Russia (259.928) topped qualifying after Sunday’s barnstorming qualifying run which saw reigning European champion Nikita Nagornyy set the all-around pace with a total of 87.333 across six disciplines.

Defending champion China took second spot on the back of 2017 all-around gold medalist Xiao Ruoteng’s 85.831, while Japan finished third despite missing 21-time world medalist Kohei Uchimura through injury.

Kazuma Kaya’s 14.800 on parallel bars and 14.633 on pommel horse proved Japan has arrived with enough firepower to challenge for a podium finish in the team finals.

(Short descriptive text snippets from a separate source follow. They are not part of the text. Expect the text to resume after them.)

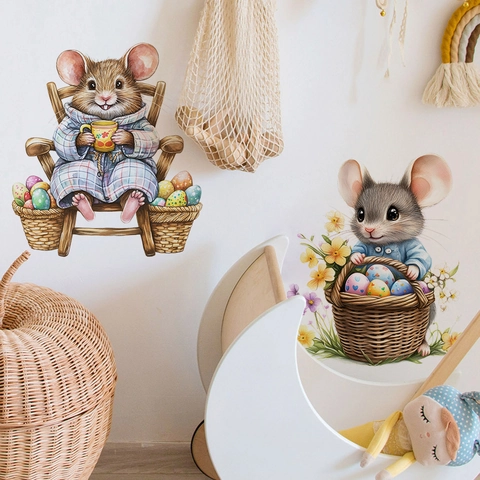 Cartoon Easter Mouse Easter Eggs Flower Basket Watercolor Wall Stickers PVC Removable Home Decor For Kids Room Nursery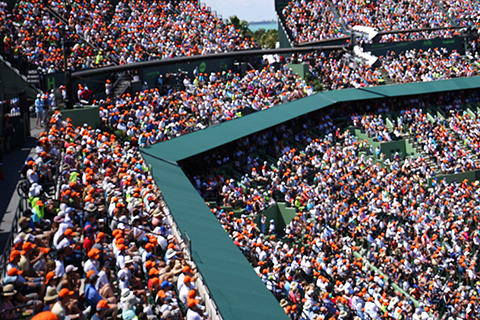 A stock photo of a crowded stadium in a sports arena.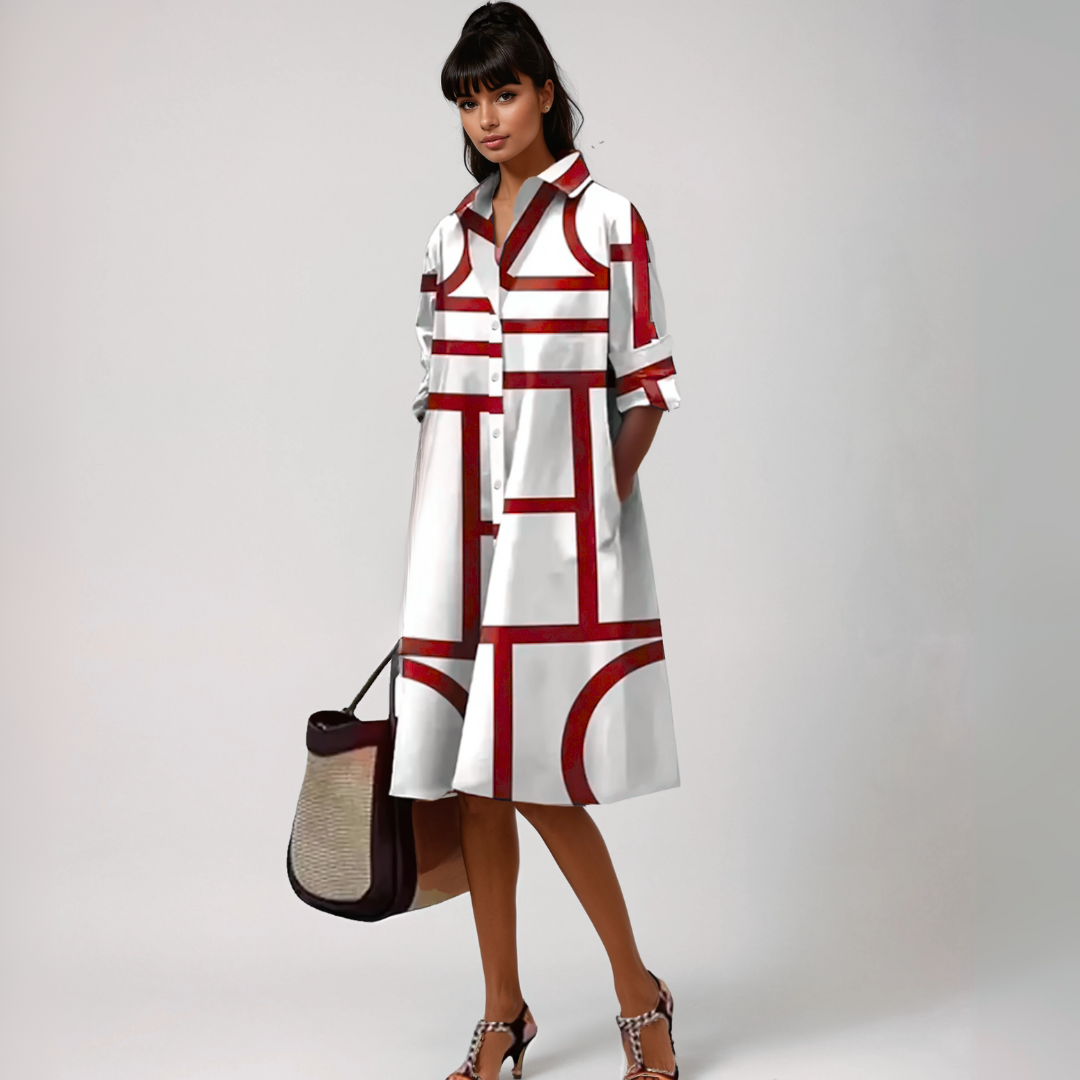 Lluvy | Vestido midi con estampado geométrico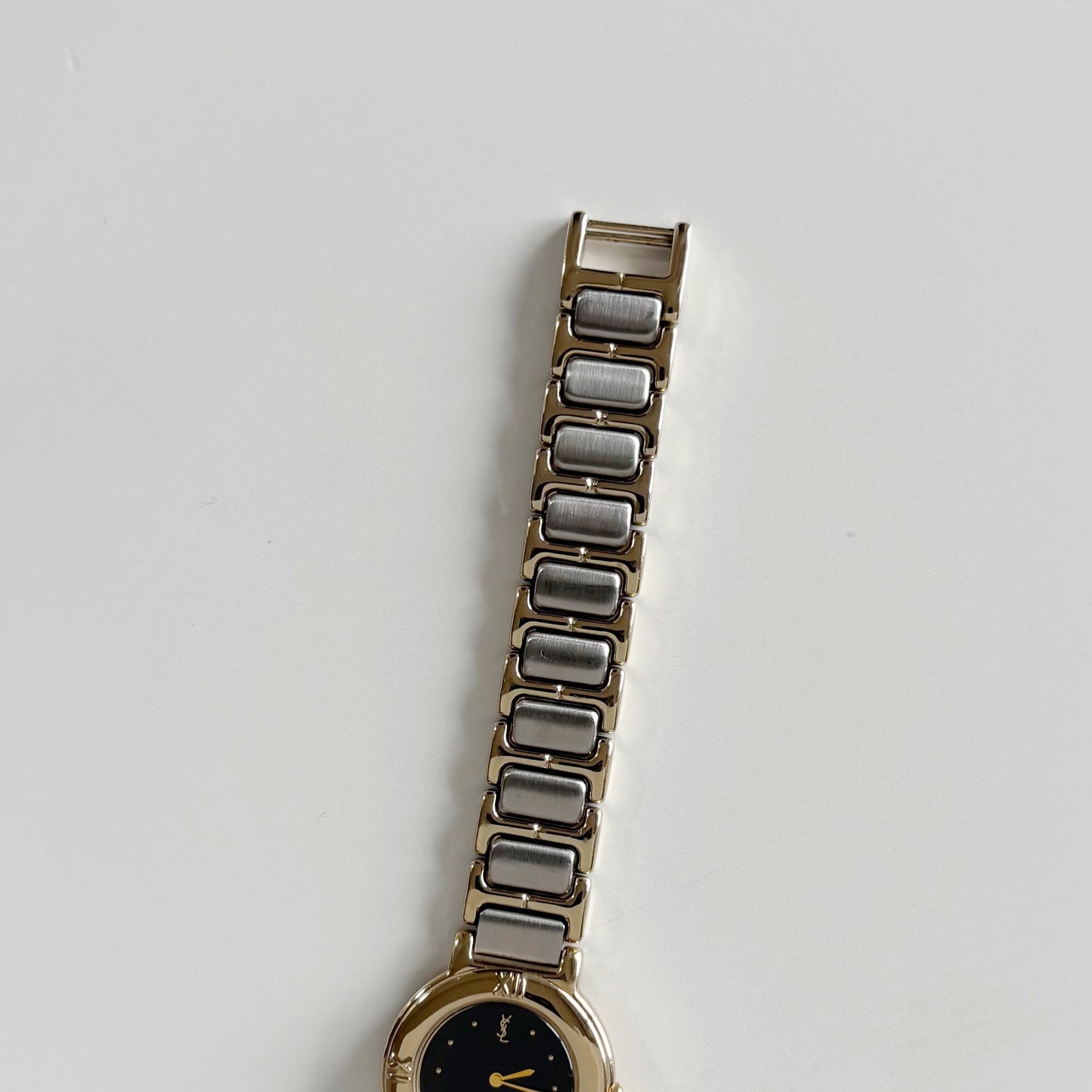 Yves Saint Laurent 1990s Black Dial Gold Plated Two Tone Watch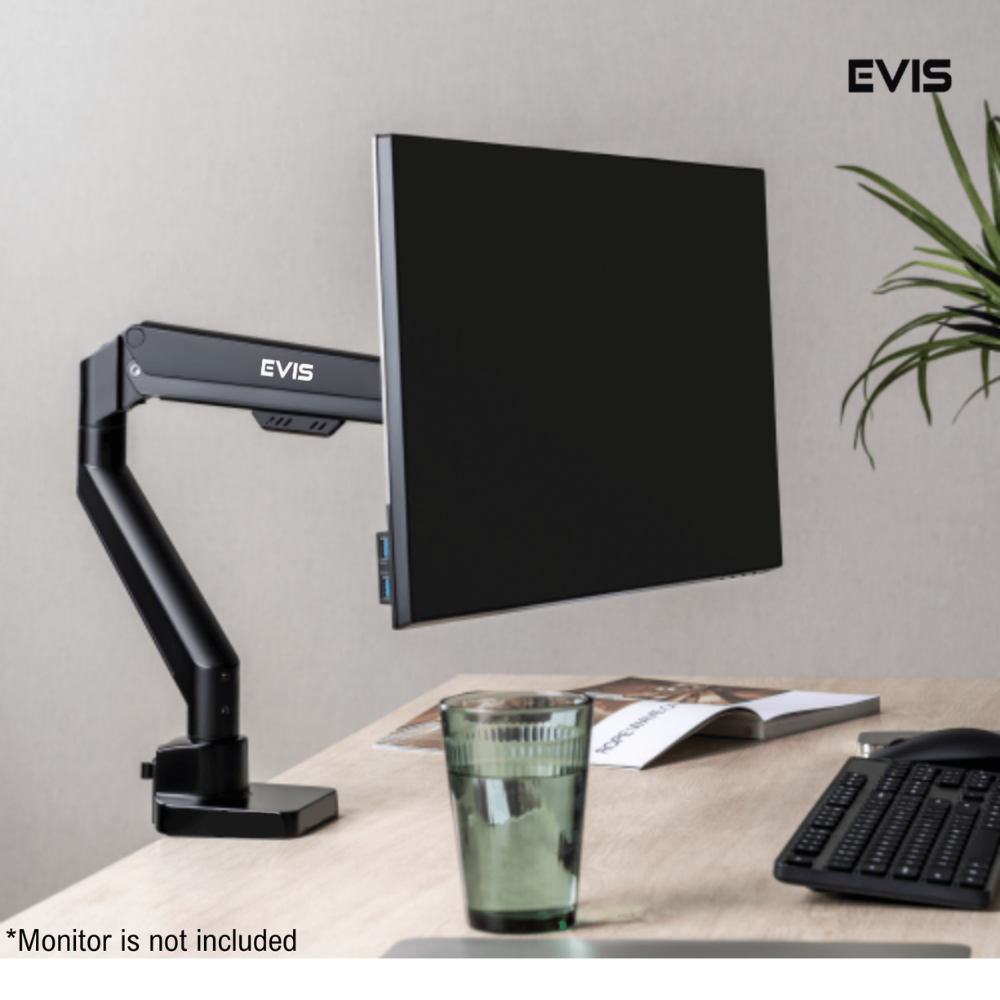 Evis Solid Steel Single / Dual Monitor Arm | Compatible with 17" to 32" Inch Monitor | Max 9kg
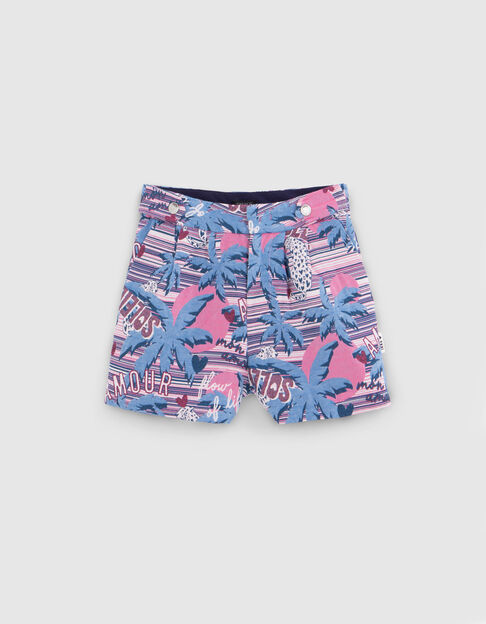 Girls’ white palm tree-leopard jacquard shorts - IKKS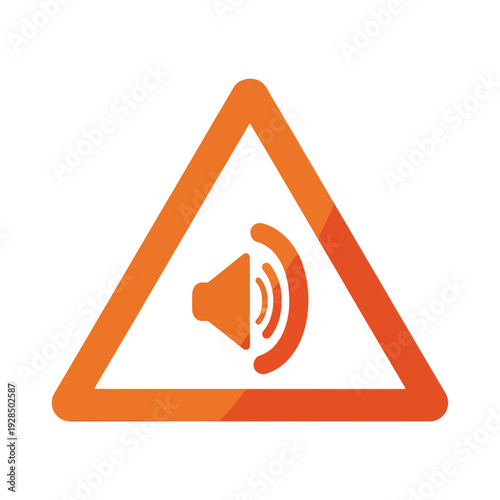 Alerting Audio Icon Within Triangular Warning Sign Illustrating Sound Communication Systems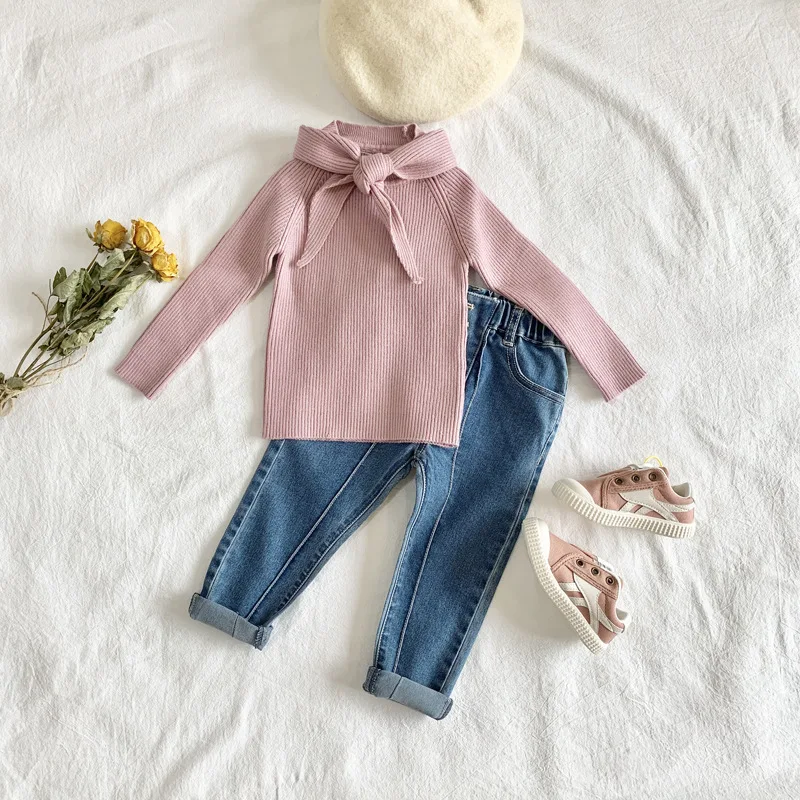 

Virgilkids2019 Autumn And Winter New Style Girls Core-Spun Yarn Sunken Stripe Sweater Tied Scarf Sweater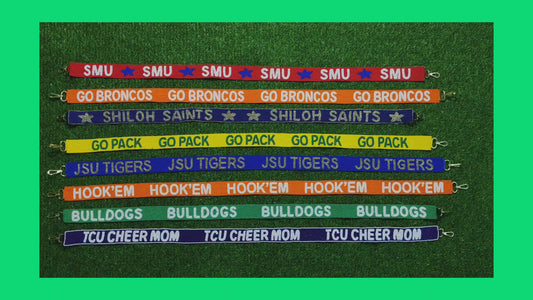 47-Inch Beaded Purse Straps - SMU, GO BRONCOS, SHILOH SAINTS, GOPACK, JSU TIGERS, HOOK'EM, BULLDOGS, TCU CHEER MOM - 1.5 Inches Wide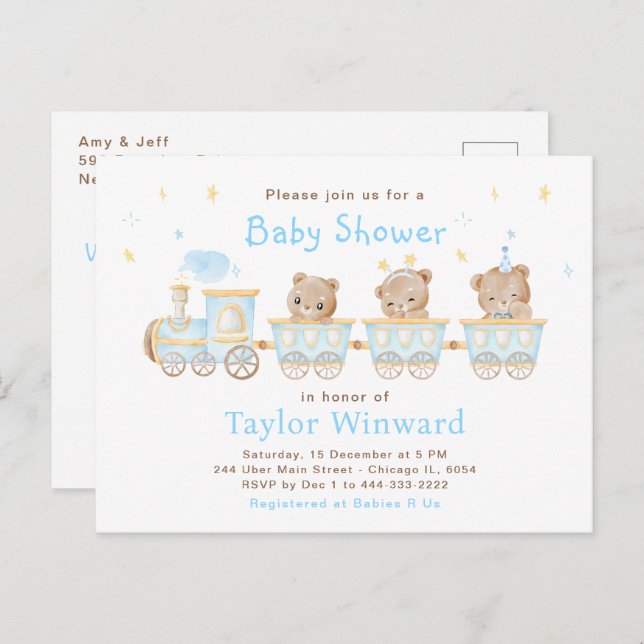 Bear Blue Train Baby Shower Postcard (Front/Back)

Whitlock did not have enough time to prepare for the floor at the worlds but he powered through the pommel horse routine to lead the field with a score of 15.266.

Only the top eight qualify for Wednesday’s team final at the worlds so South Korea, Brazil, Spain and Germany missed out.

Qualification nightmare

American Sam Mikulak was lucky to secure the last qualifying slot for the all around final but the six-time U.S. national champion was far from pleased with his team’s overall display.

Yul Moldauer and Mikulak both faltered on the pommel horse, leaving the team with plenty of ground to cover on the remaining four apparatus.

“Today was a disaster,” the 26-year-old, who also fell during the floor exercise, told the Olympic Channel after the U.S. finished seventh in qualifying with a total of 250.359.

“I never woke up. That’s the best way I can put it.

“Honestly, this is probably the worst we will ever be in a competition collectively.”

Mikulak’s own chances of qualifying for Friday’s all-round final looked in jeopardy before team mate Akash Modi slipped off the horizontal bar, handing the twice world medalist a lifeline.

He approached the high bar needing to score more than 14.565 to finish among the top-two Americans and earned 14.866 on the apparatus where he grabbed bronze in Doha.

“I was just happy that I finally lived up to my expectations and my potential,” he said.

“Unfortunate it took so long to do that, but I got one in there and I can hope that’s the standard I can set moving forward.”